DATA SECTION
################
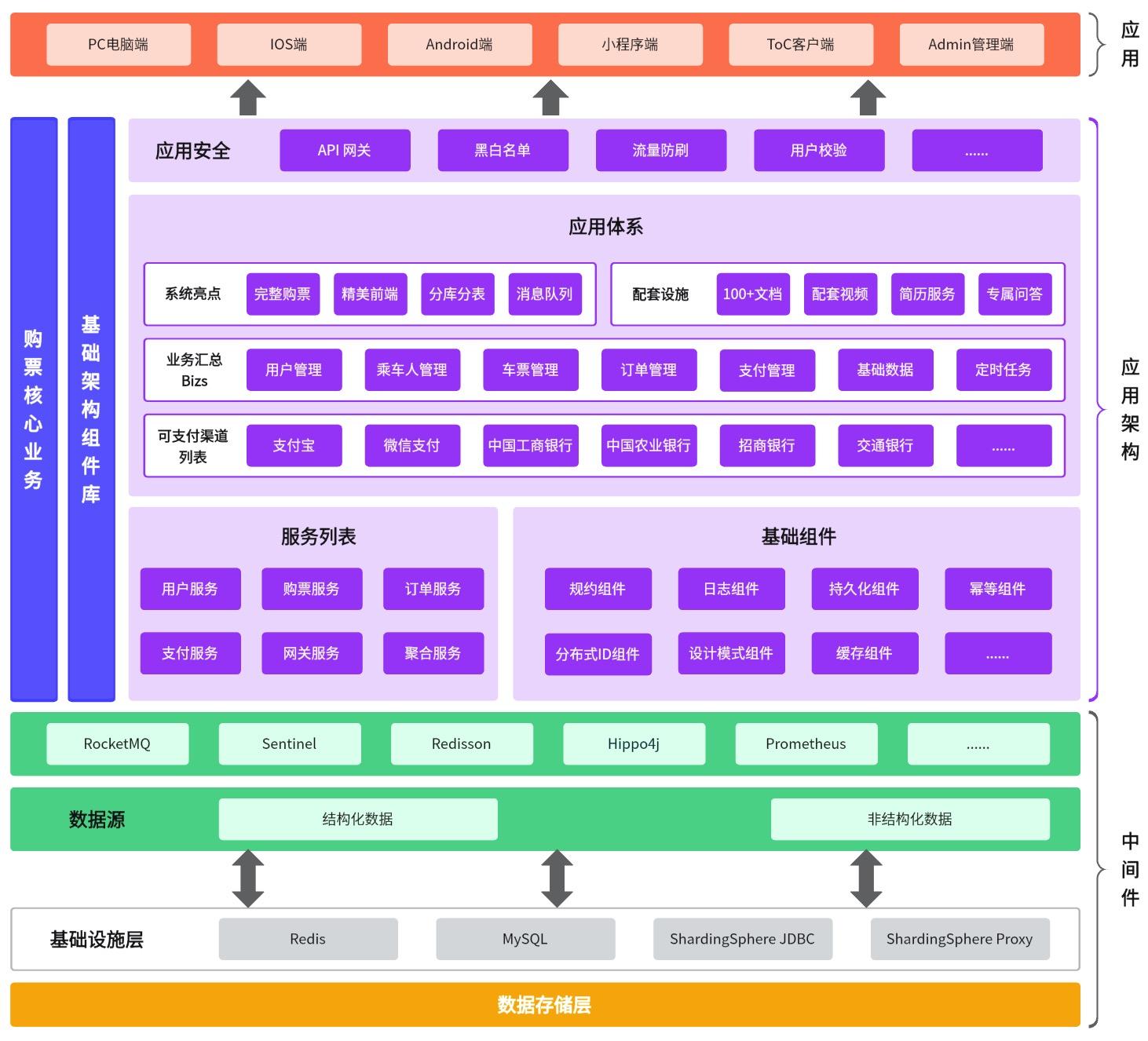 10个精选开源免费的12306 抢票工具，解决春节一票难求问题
################
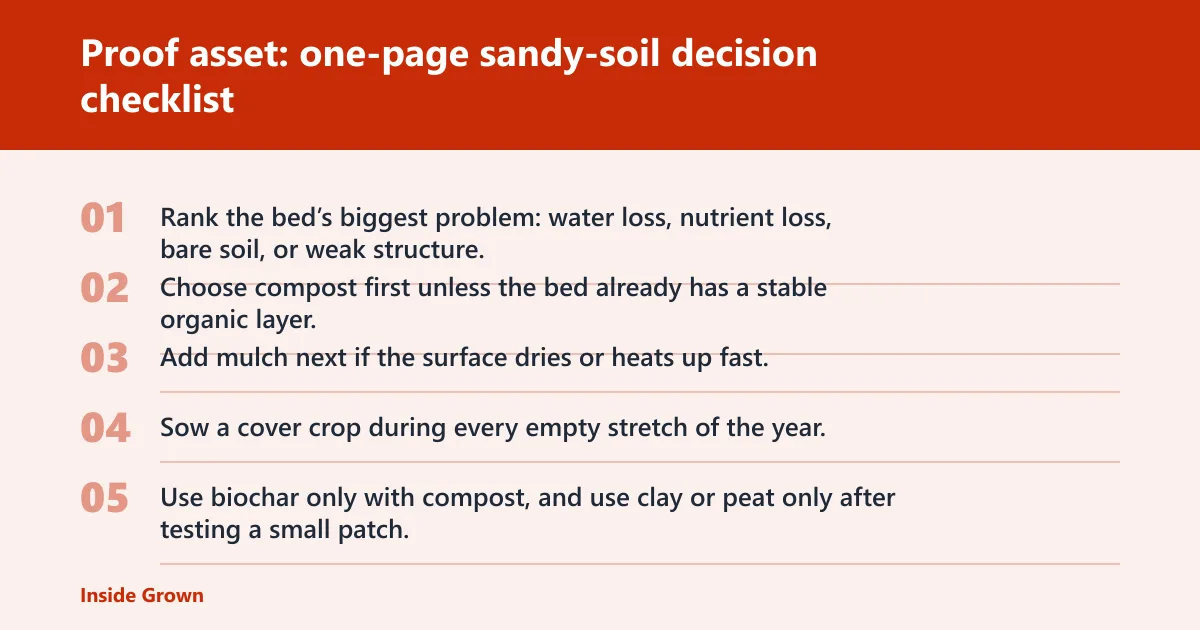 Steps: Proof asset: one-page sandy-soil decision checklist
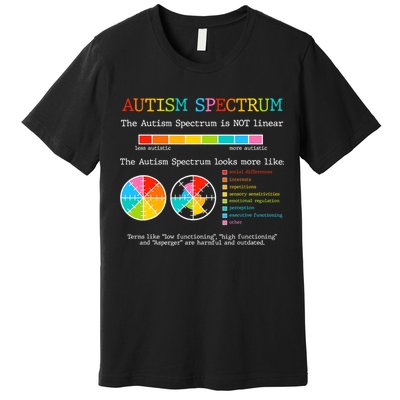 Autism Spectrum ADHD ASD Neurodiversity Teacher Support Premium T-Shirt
################
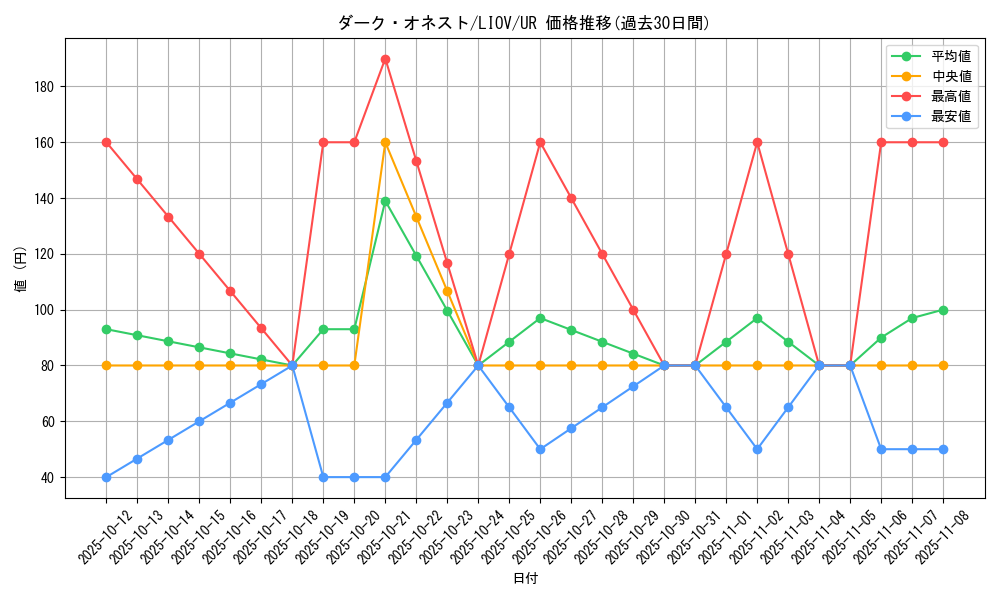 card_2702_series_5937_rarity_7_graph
################
EXERCISE REQUIREMENTS
All pictures are to be skipped. Output, word for word, the lines in the data above starting at the line containing "Steps: Proof asset: one-page" and ending at the line containing "Autism Spectrum ADHD".

EXERCISE OUTPUT
 Steps: Proof asset: one-page sandy-soil decision checklist
 Autism Spectrum ADHD ASD Neurodiversity Teacher Support Premium T-Shirt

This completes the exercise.